Tutorial: Getting started with AWS Glue Studio - AWS Glue Studio

Tutorial: Getting started with AWS Glue Studio

You can use AWS Glue Studio to create jobs that extract structured or semi-structured data from a data source, perform a transformation of that data, and save the result set in a data target.

Prerequisites

This tutorial has the following prerequisites:

  • You have an AWS account.

  • You have access to AWS Glue Studio.

  • Your account has all the necessary permissions for creating and running a job for an Amazon S3 data source and data target.

  • You have created an AWS Identity and Access Management role for the job to use. You can also choose an IAM role for the job that includes permissions for all your data sources, data targets, temporary directory, scripts, and any libraries used by the job.

  • The following components exist in AWS:

    • The Flights Data Crawler crawler

    • The flights-db database

    • The flightscsv table

    • The IAM role AWSGlueServiceRole-CrawlerTutorial

    To create these components, you can complete the service tutorial Add a crawler, which populates the AWS Glue Data Catalog with the necessary objects. This tutorial also creates an IAM role with the necessary permissions. You can find the tutorial on the AWS Glue service page at https://console.aws.amazon.com/glue/. The tutorial is located in the left-side navigation, under Tutorials. Alternatively, you can use the documentation version of this tutorial, Tutorial: Adding an AWS Glue crawler.

Step 1: Start the job creation process

In this task, you choose to start the job creation by using a template.

To create a job, starting with a template

  1. Sign in to the AWS Management Console and open the AWS Glue Studio console at https://console.aws.amazon.com/gluestudio/.

  2. On the AWS Glue Studio landing page, choose View jobs under the heading Create and manage jobs.

  3. On the Jobs page, under the heading Create job, choose the Source and target added to the graph option.
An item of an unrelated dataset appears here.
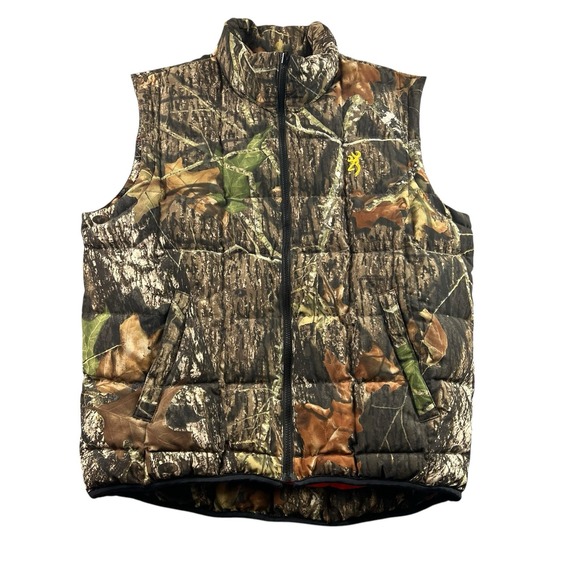Browning Mossy Oak Camo & Orange Down Reversible Puffer‎ Vest Jacket Men Size M - Picture 1 of 13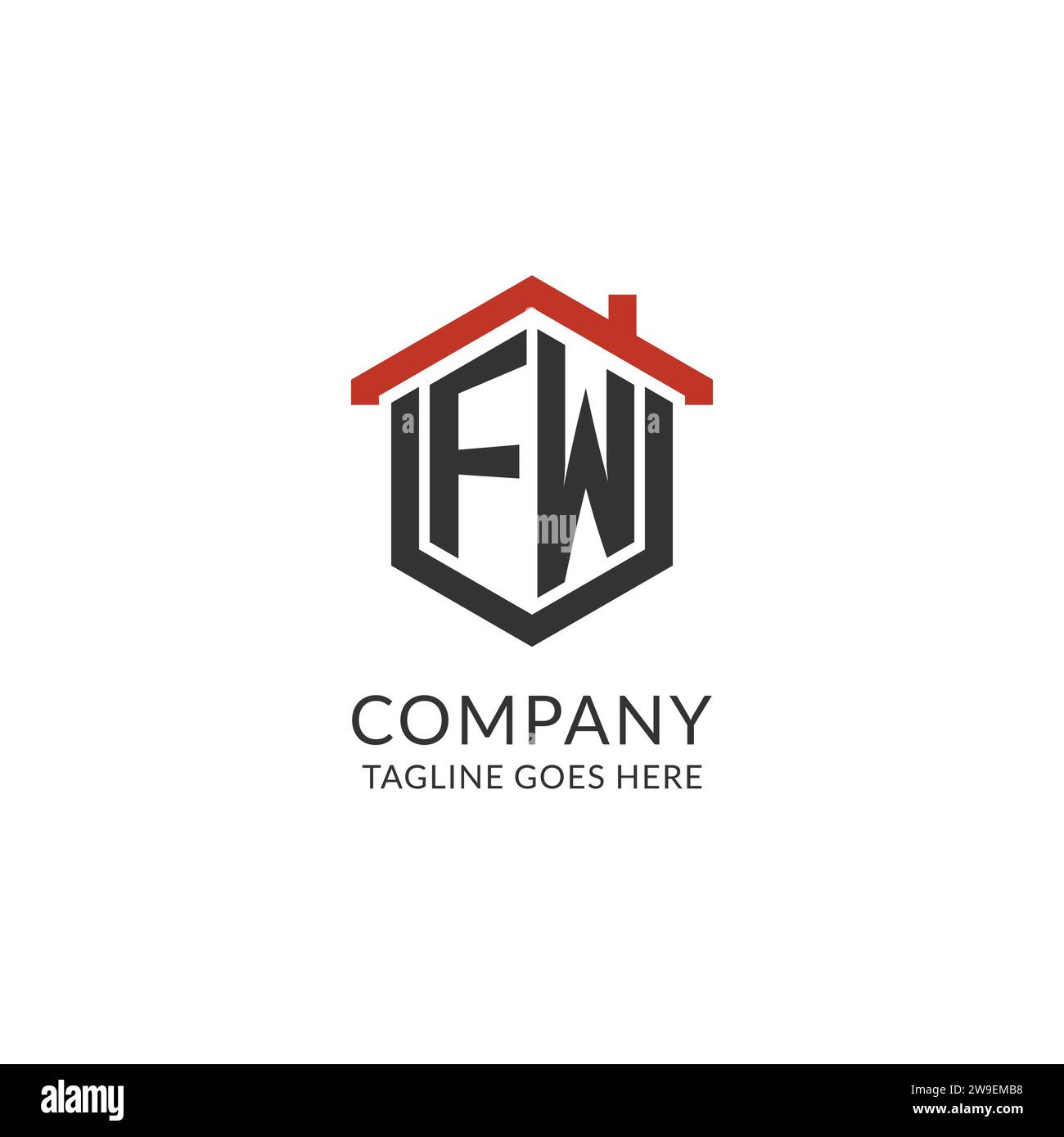 Monogramma iniziale del logo FW con design esagonale del tetto, grafica vettoriale semplice e minimale del logo immobiliare Illustrazione Vettoriale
Then, choose S3 for the Source and S3 for the Target.

  4. Choose the Create button to start the job creation process.

The job editing page opens with a simple three-node job diagram displayed.

Step 2: Edit the data source node in the job diagram

Choose the Data source - S3 bucket node in the job diagram to edit the data source properties.

To edit the data source node

  1. On the Node properties tab in the node details pane, for Name, enter a name that is unique for this job.

    The value you enter is used as the label for the data source node in the job diagram. If you use unique names for the nodes in your job, then it's easier to identify each node in the job diagram, and also to select parent nodes. For this tutorial, enter the name S3 Flight Data.

  2. Choose the Data source properties - S3 tab in the node details panel.

  3. Choose the Data Catalog table option for the S3 source type.

  4. For Database, choose the flights-db database from the list of available databases in your AWS Glue Data Catalog.

  5. For Table, enter flight in the search field, and then choose the flightscsv table from your AWS Glue Data Catalog.

  6. (Optional) Choose the Output schema tab in the node details panel to view the data schema.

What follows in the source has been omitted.